Agree entirely.
There are certainly some serious issues on the table. But, at least I can now see that when it is working it works well.
So, I’ve been involved in product design and development for over 25 years now. And I’ve see products plagued by problems such as are evident here.
What I’ve noticed is that over the decades, as the software has become more prominent, is that the overall product development tends to be driven more by the software team. And for all the magic that the software guys can deliver, I’ve noticed that robust testing at the physical layer isn’t normally their strong suit. This seems to be a good example. It seems fairly clear to me (and I think you) that the Tablo Roku video decoder isn’t “robust”. It doesn’t degrade gracefully in the presence of errored or dropped packets. One suspects that the software team had a nice little test platform in their lab were they had decently clean OTA signals and a wifi network that probably extended for a lab bench or two. It probably never occurred to anyone that you might want to test the product on a somewhat lousy Wifi network (indeed, an intentionally lousy WiFi network) or that maybe you ought to throw some less than ideal OTA signals at the receiver.

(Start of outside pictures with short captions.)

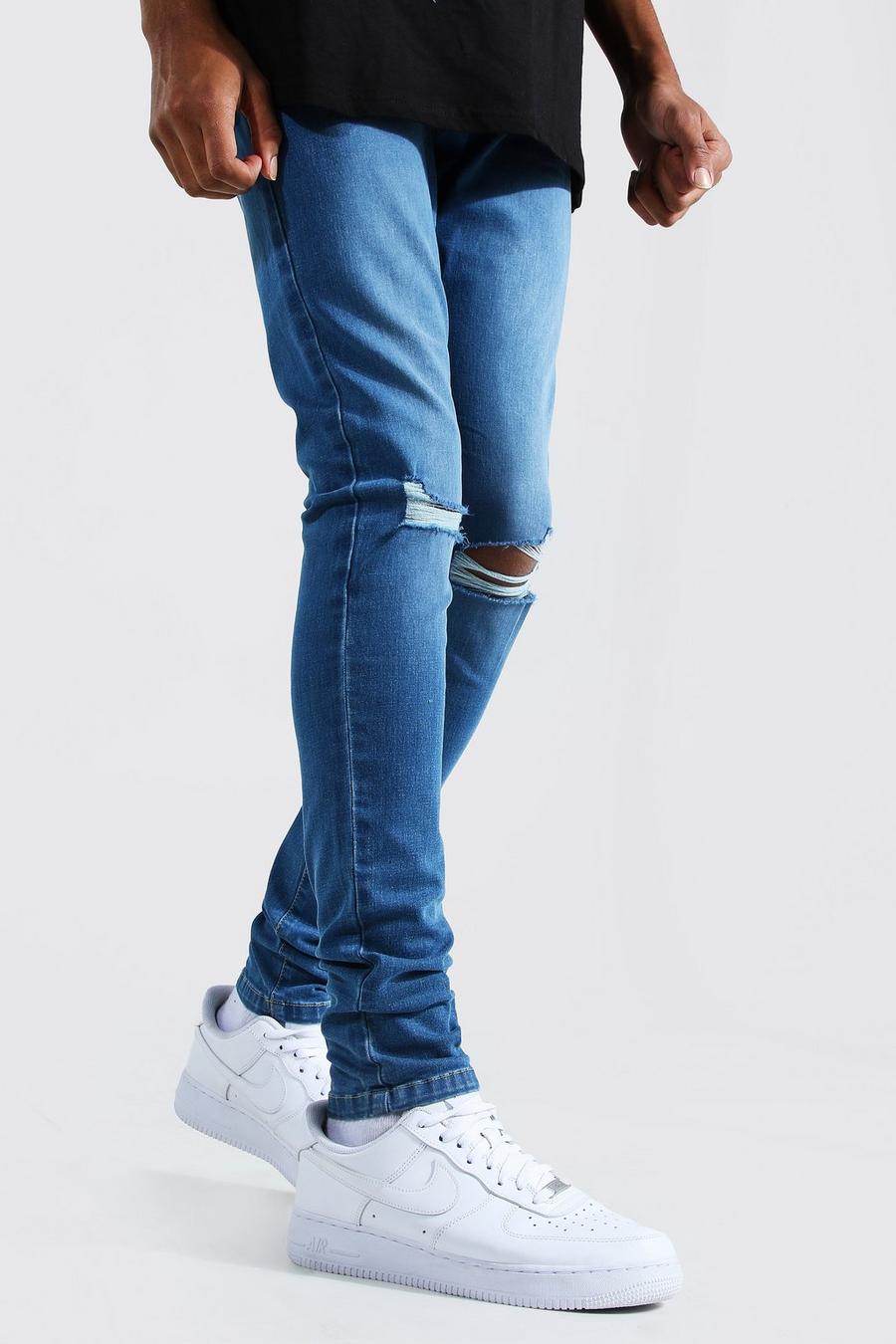 כחול בהיר azzurro סקיני ג'ינס ripped בברכיים לגברים גבוהים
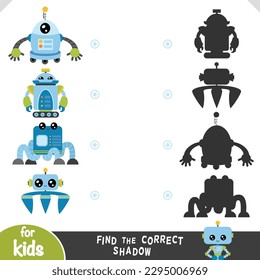 Find the correct shadow, education game for children, Set of cute cartoon robots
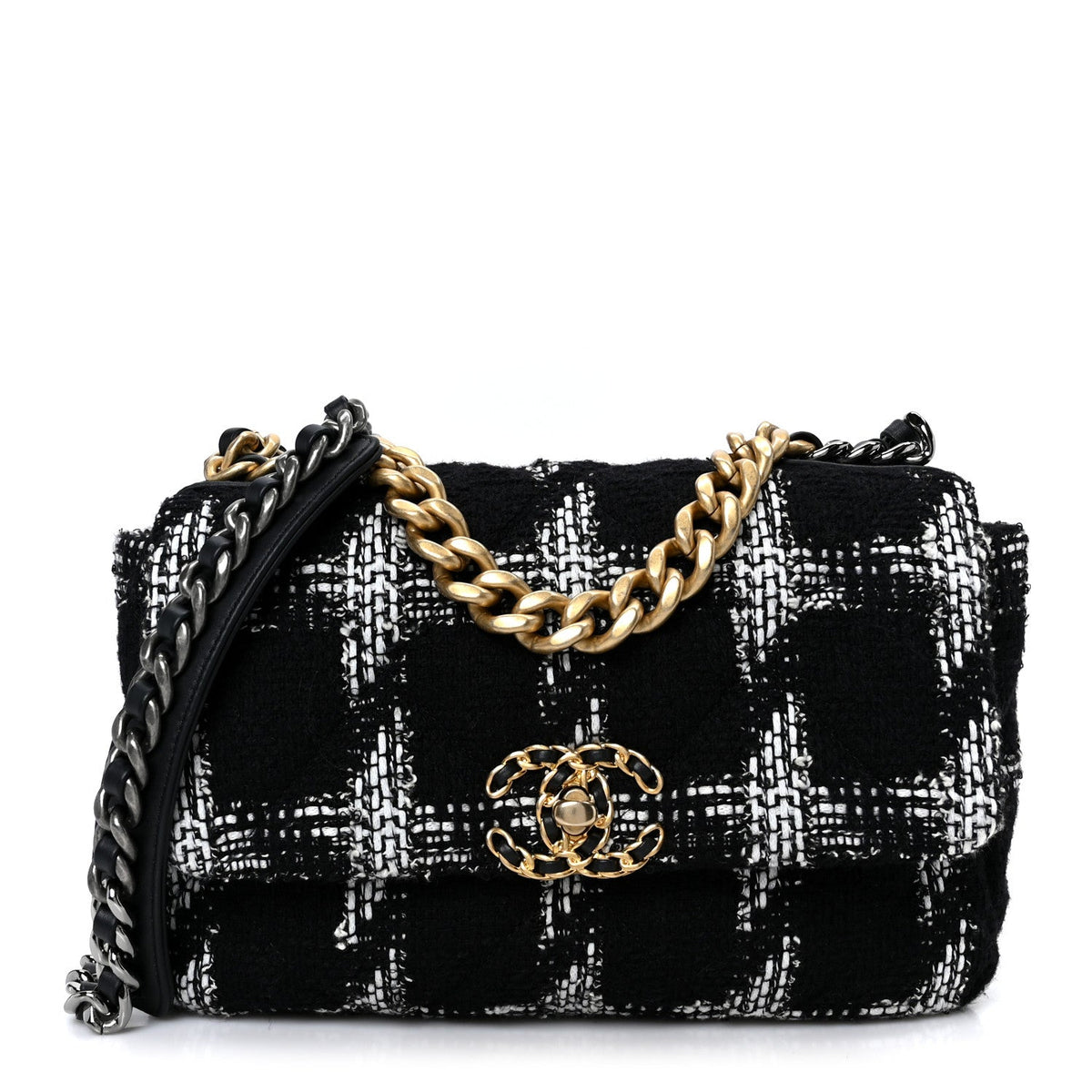 Tweed Quilted Medium Chanel 19 Flap Black White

If they had done that, I believe they would have discovered that “hey, this works ok with the Android app or in a browser, but it’s not working so well on the Roku”.
And, just looking at the history, it does seem that they need to stop adding features for awhile and focus solely on bug killing.
But, as I said the basic concept of the product seems sound. If they could just work their bug list down I think they’re on to something. They should take some comfort in this as I’ve definitely been around product developments that were never going to be successful even if the engineering had been perfect as it was just a bad product concept.